Data segment:
- - -

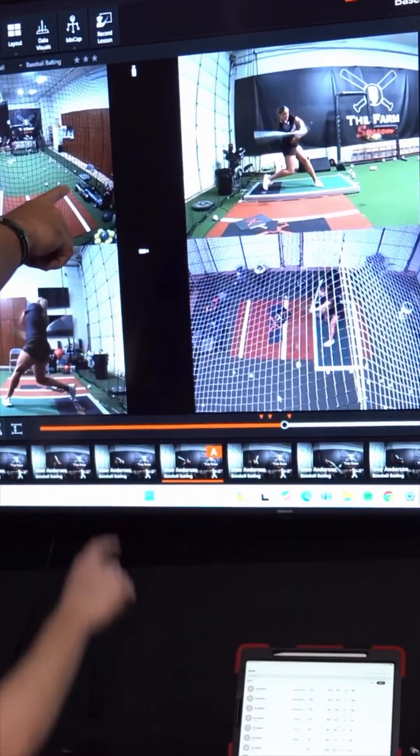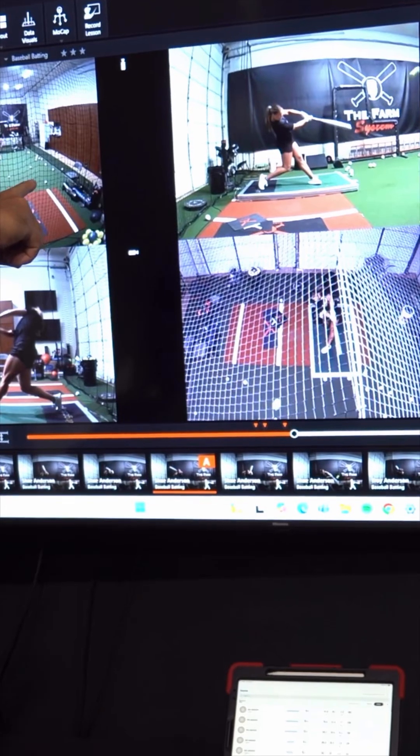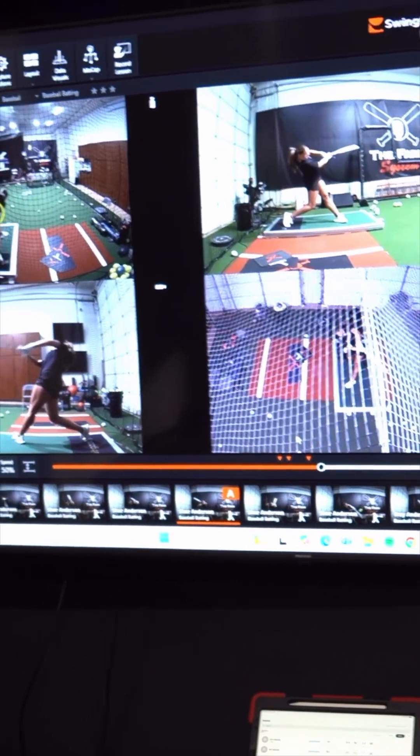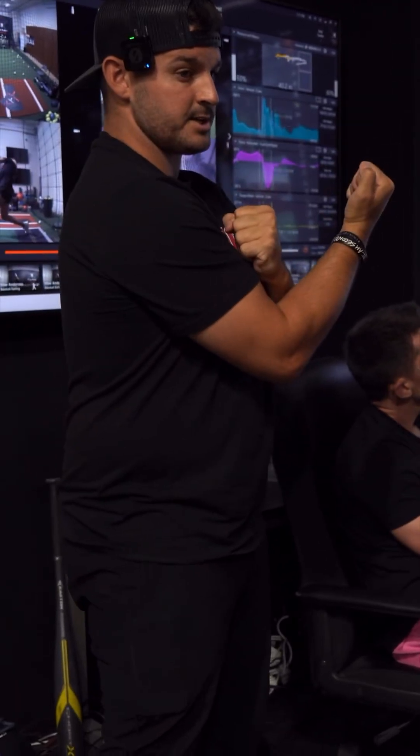Right there you see how your hips are slowing down and stopping. Your front leg is trying to hold the ground. Then right there as you hit it, you see how your hips literally go into counter-rotation, and then they finish rotation.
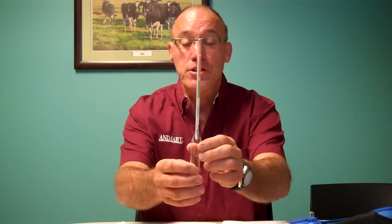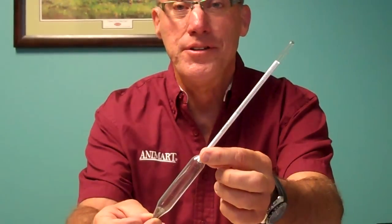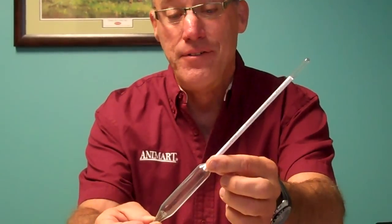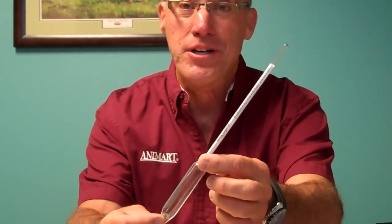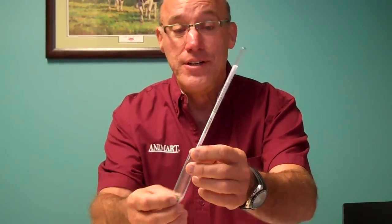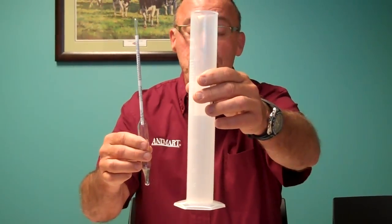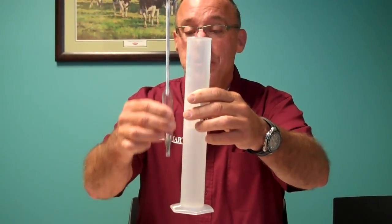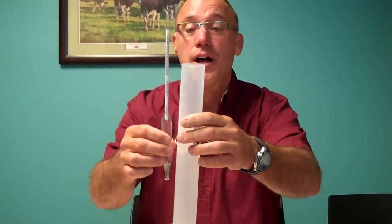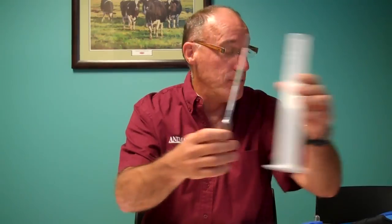Traditionally for measuring colostrum quality we use this here, which is a colostrometer — very breakable, easy to destroy, and actually fairly expensive, so if you break too many of these it's fairly costly. You just put colostrum in a tube like this, get it to room temperature, and then figure out how good the colostrum is by where it floats along these lines on the colostrometer.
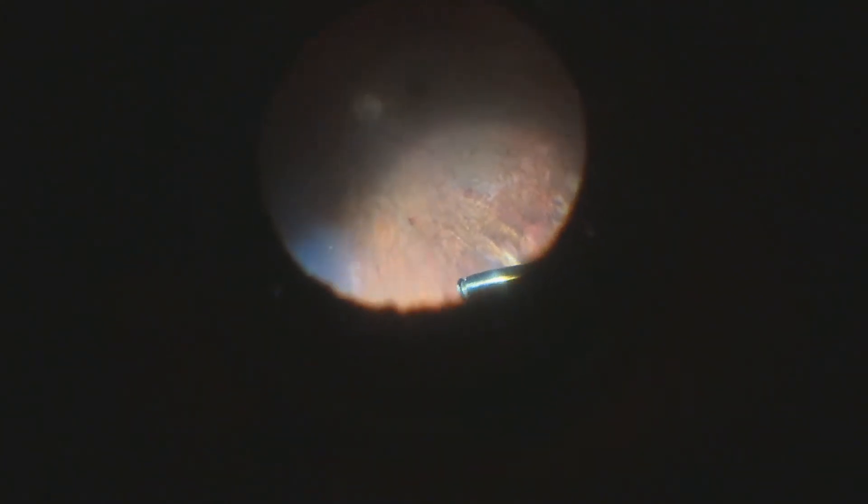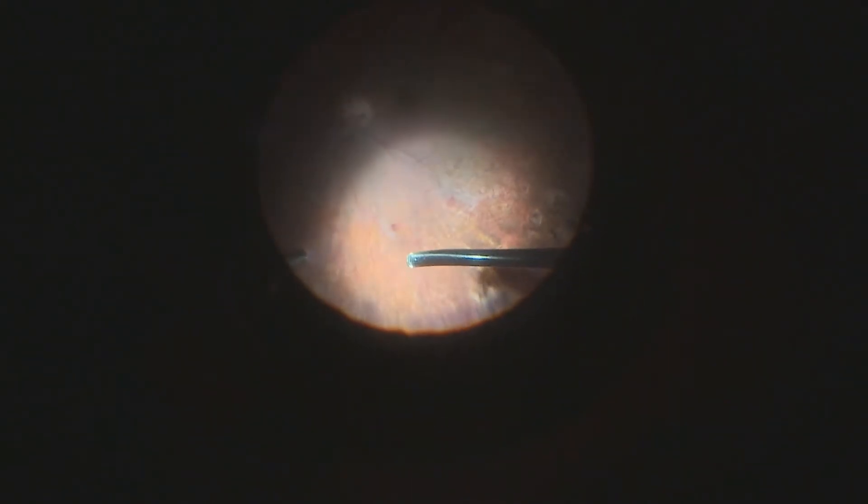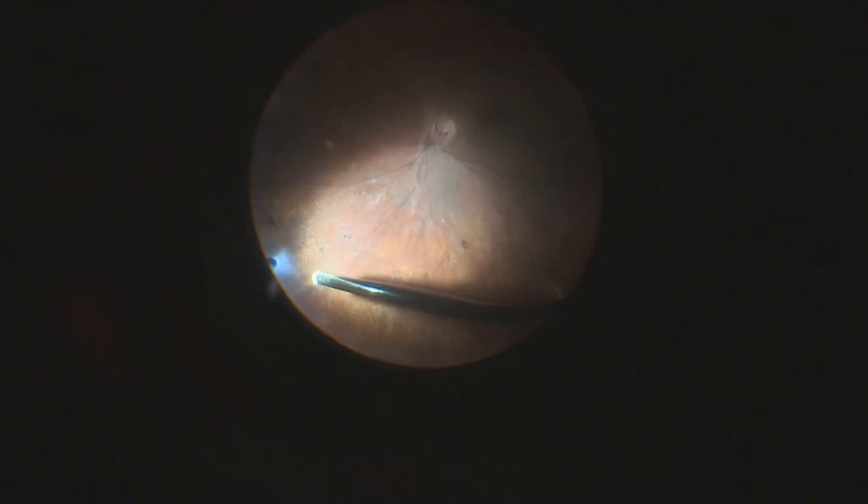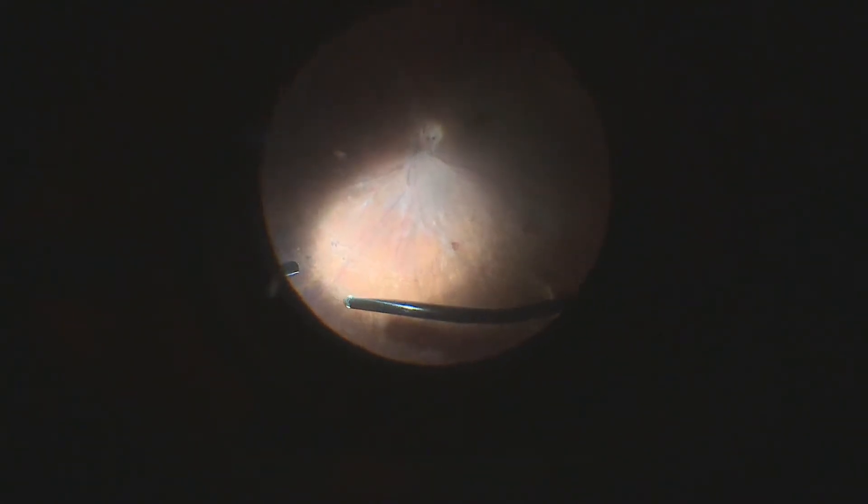Respecting the equator and the posterior pole. We rather treat the equator and the posterior pole with the removal of the posterior hyaloid, and when needed, medications to control the macular edema, either with corticosteroids or VEGF inhibitors. And when extremely needed, we do perform some soft and very light focal laser treatment for micro-edema on leaking microaneurysms — but very light and very soft laser.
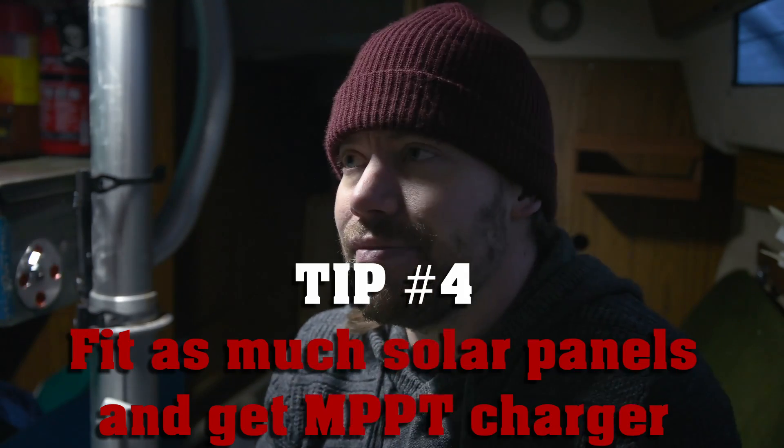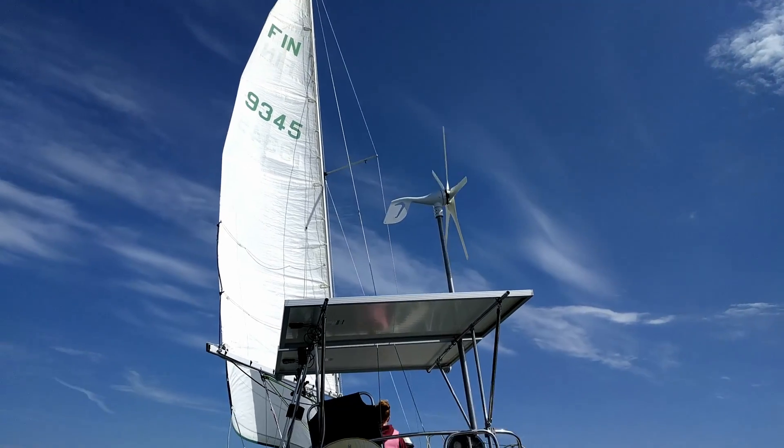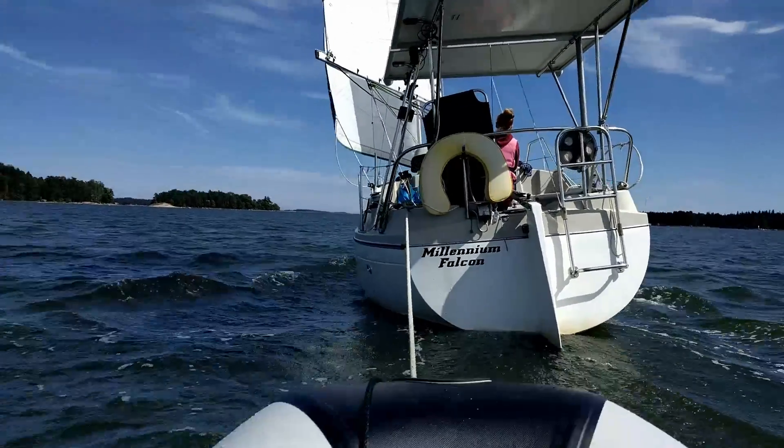For solar panels, get as much as you can fit on your boat — you never have enough. But what's more important is the charge controller. Go with the more expensive MPPT controllers rather than the basic PWM ones. I switched to an MPPT controller and got around 30 to 50% more amps going into my batteries. So they're well worth the extra cost.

- - -

What is needed is an exact copy of all the data, with no images in it.

Answer box:
Right there you see how your hips are slowing down and stopping. Your front leg is trying to hold the ground. Then right there as you hit it, you see how your hips literally go into counter-rotation, and then they finish rotation.
Traditionally for measuring colostrum quality we use this here, which is a colostrometer — very breakable, easy to destroy, and actually fairly expensive, so if you break too many of these it's fairly costly. You just put colostrum in a tube like this, get it to room temperature, and then figure out how good the colostrum is by where it floats along these lines on the colostrometer.
Respecting the equator and the posterior pole. We rather treat the equator and the posterior pole with the removal of the posterior hyaloid, and when needed, medications to control the macular edema, either with corticosteroids or VEGF inhibitors. And when extremely needed, we do perform some soft and very light focal laser treatment for micro-edema on leaking microaneurysms — but very light and very soft laser.
For solar panels, get as much as you can fit on your boat — you never have enough. But what's more important is the charge controller. Go with the more expensive MPPT controllers rather than the basic PWM ones. I switched to an MPPT controller and got around 30 to 50% more amps going into my batteries. So they're well worth the extra cost.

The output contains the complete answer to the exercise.